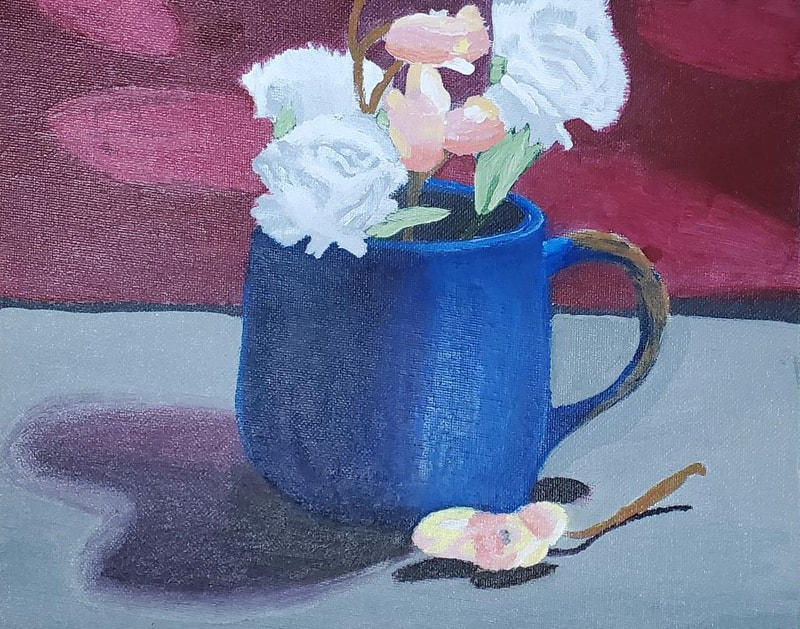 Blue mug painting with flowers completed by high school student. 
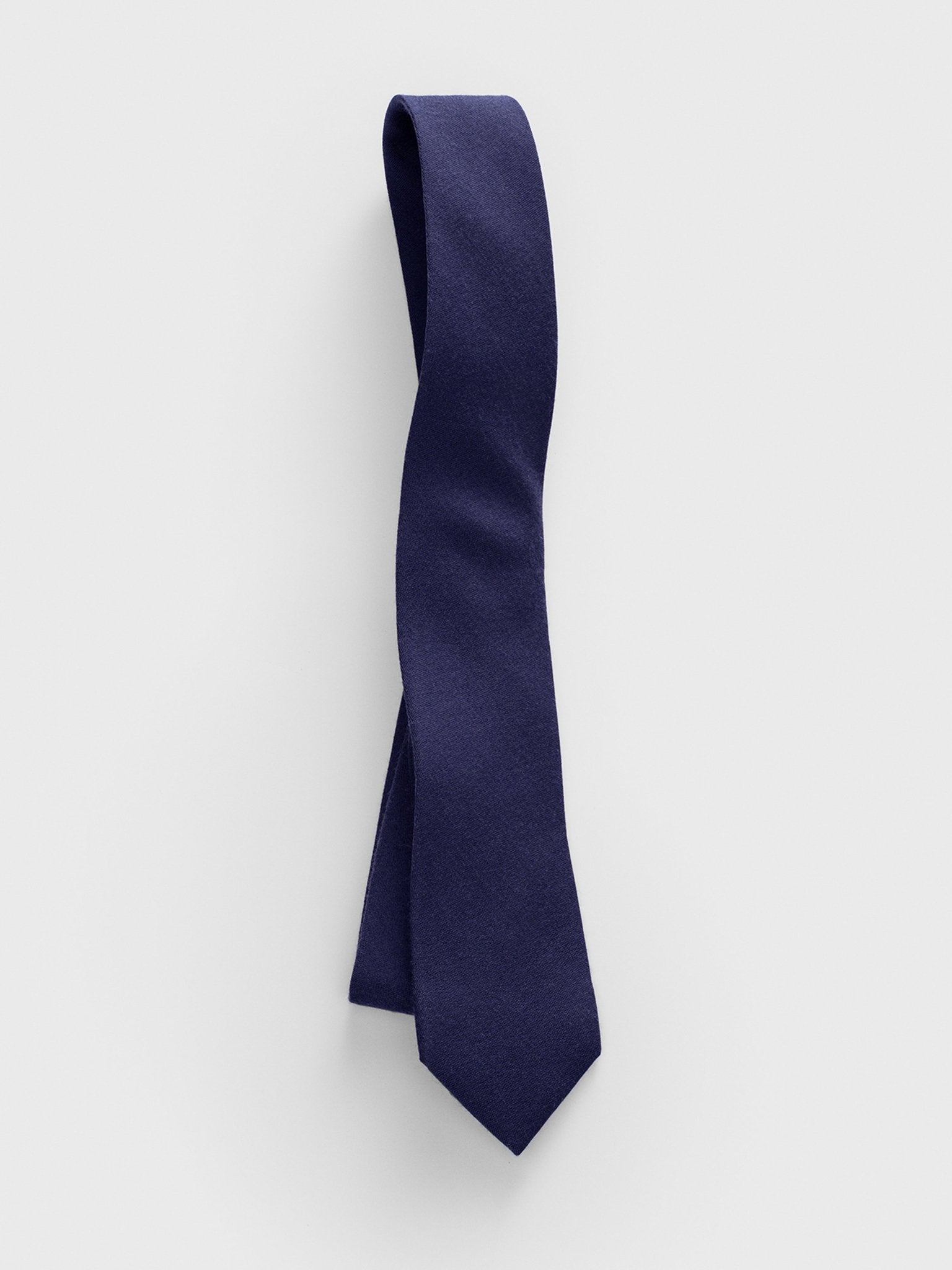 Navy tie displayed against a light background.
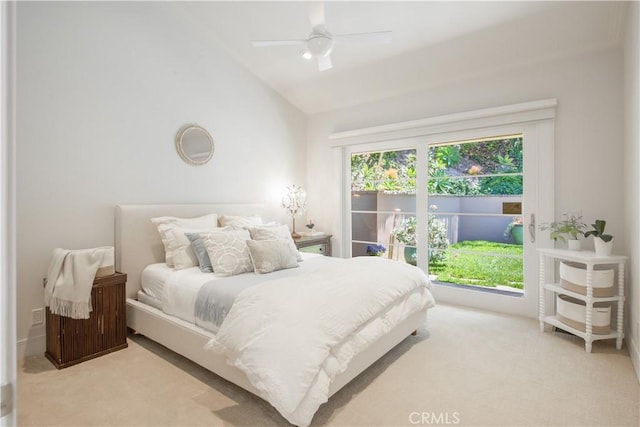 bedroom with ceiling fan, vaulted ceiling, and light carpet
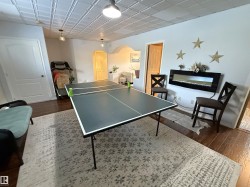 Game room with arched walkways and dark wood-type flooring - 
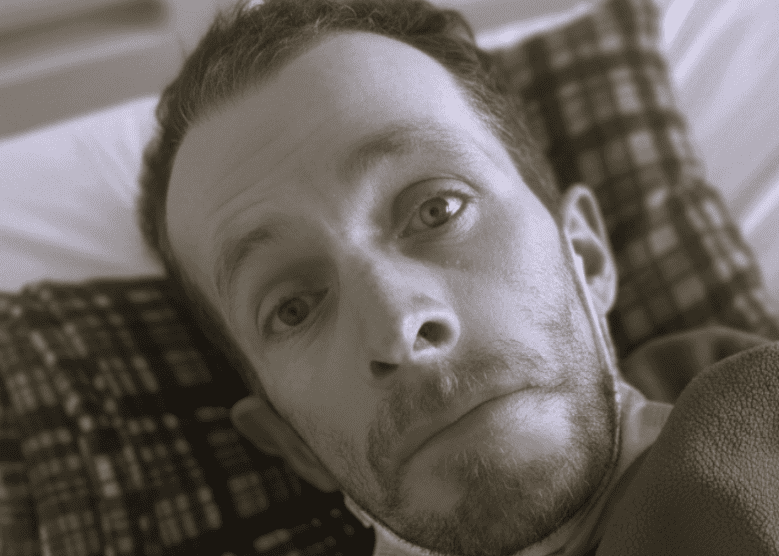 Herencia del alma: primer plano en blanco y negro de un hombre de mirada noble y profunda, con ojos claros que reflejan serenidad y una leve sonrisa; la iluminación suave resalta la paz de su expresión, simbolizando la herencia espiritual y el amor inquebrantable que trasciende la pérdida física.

__EXERCISE BRIEF__
If the data includes images, omit them, and set down everything else exactly as above.

__RESPONSE TO THE TASK__
 Blue mug painting with flowers completed by high school student. 
 Navy tie displayed against a light background.
 bedroom with ceiling fan, vaulted ceiling, and light carpet
 Game room with arched walkways and dark wood-type flooring - 
 Herencia del alma: primer plano en blanco y negro de un hombre de mirada noble y profunda, con ojos claros que reflejan serenidad y una leve sonrisa; la iluminación suave resalta la paz de su expresión, simbolizando la herencia espiritual y el amor inquebrantable que trasciende la pérdida física.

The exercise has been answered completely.